Test regular expressions and understand them
This tester highlights every match live as you type and gives a plain-English, step-by-step explanation of what each part of your pattern does — something most regex tools skip. It is built for developers writing and debugging patterns, and for anyone learning regex who wants to know why a pattern matches.
How it works
Your pattern and flags are compiled with the browser’s native
new RegExp(pattern, flags) — the exact JavaScript engine your code will use, so
behaviour matches production. For highlighting, the tester forces the global flag
(g) internally and runs test.replace(regex, ...) to wrap every match in a
highlight, even if you didn’t type g. If the pattern is invalid, the RegExp
constructor’s error is shown instead. Separately, a lightweight tokeniser walks
the pattern left to right and emits a sentence per token (character class,
quantifier, anchor, group, alternation, and so on) for the explanation panel.
Example
Pattern \b\d{4}-\d{2}-\d{2}\b with the g flag, tested against:
Invoices dated 2026-05-30 and 2026-06-01 are due.

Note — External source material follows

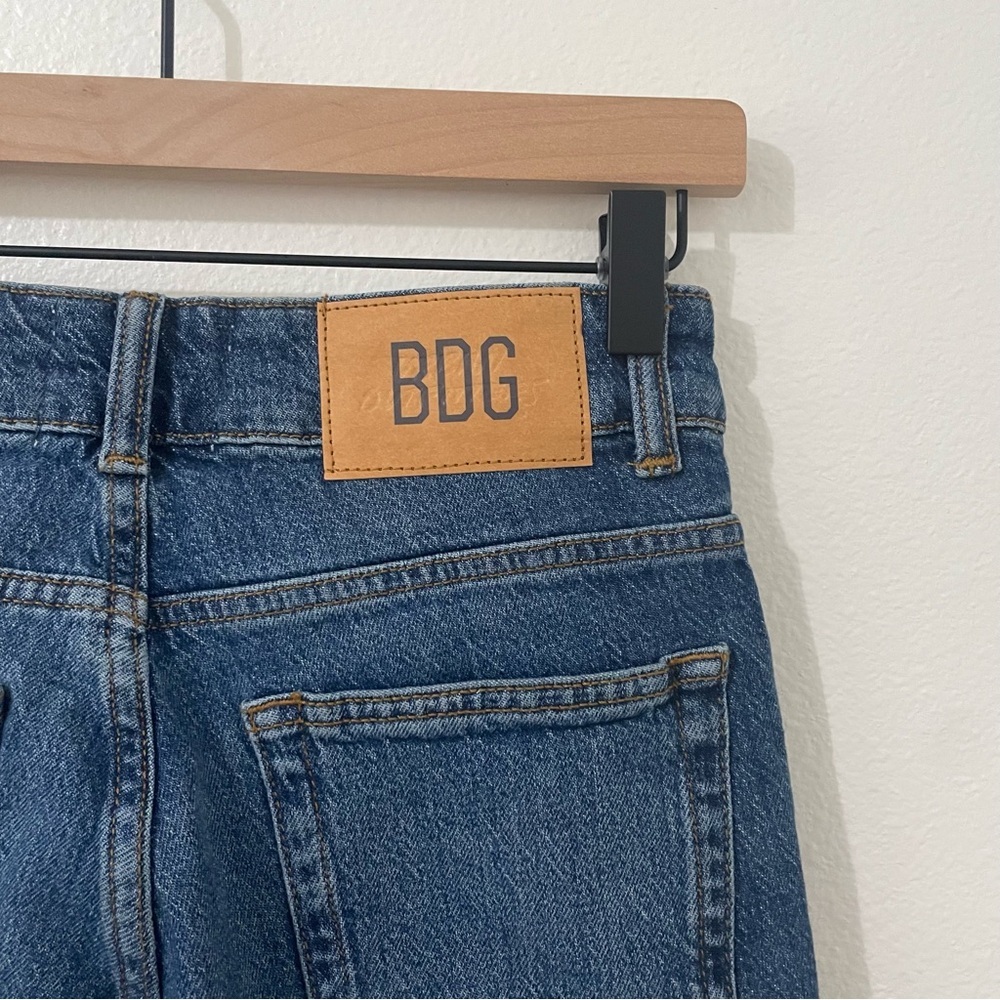 BDG by Urban Outfitters NWT Mid-Rise Skinny Denim Jeans Size 24 Medium Wash - Picture 4 of 6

highlights both 2026-05-30 and 2026-06-01. The explainer breaks it down as:
word boundary, four digits, a literal hyphen, two digits, a hyphen, two digits,
word boundary — i.e. an ISO-style date.
Flag reference
| Flag | Name | Effect |
|---|---|---|
g | global | Match every occurrence, not just the first |
i | ignore case | Case-insensitive matching |
m | multiline | ^ and $ match at each line break |
s | dotall | . also matches newline characters |
Everything runs locally in your browser — your pattern and text are never uploaded.